差し出されたティーカップに手を付ける前に、その相手に感謝を伝える。
「ありがとうね、天哉」
名前を呼ぶと、彼はふっと相好を崩した。
「こちらこそいつもありがとう、水火」
一口紅茶を口に入れると、仕事で緊張していた体がほどけていく。天哉が淹れ方をしっかり学んできっちりやってくれているから、いつもおいしいお茶を私は飲むことができる。
そんなティータイムのときに、突如鳴り響くコール音。
「すまない、水火。ちょっと出てくる」
「うん、わかった」
旦那は部屋の外に足早で行ってしまった。仕事に関することだろうか。ドアの閉まる音が聞こえると、私は一人になる。アールグレイの赤い水面が、私の顔を映している。
一人になるとふと思い出してしまうことがある。彼のこと。八百万さんと一緒になった、いとこのこと。忘れようとしても忘れられない、あの時確かに恋をしていた、彼のこと。
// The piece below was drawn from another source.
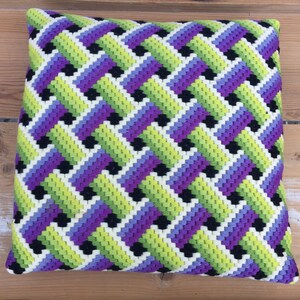 Könnte beinhalten: Ein quadratisches Kissen mit einem geometrischen Muster in Grün-, Lila-, Schwarz- und Weißtönen. Das Kissen ist aus einem weichen, strukturierten Stoff gefertigt.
私に向けられていたと勘違いしていた笑顔が、呼んでくれたその声が、まだ心の中に思い出として根を張っている。
「……しょうと」
ひっそりと、誰にも聞こえぬよう口にする。こんなことをしたって、相手の気持ちがこちらに向くわけでもない。ただ、過去のことを思い出してつらくなるだけだ。だというのに、どうしても口は勝手に動いてしまう。
「轟君のことを思い出していたのか?」
気づくと、天哉がそばに立っていた。いつの間に電話を終えたのだろう。
「あ、ご、ごめん......」
思わず目をそらして、過去にまだ執着してしまっている自分を責める。夫の顔を見ることができない。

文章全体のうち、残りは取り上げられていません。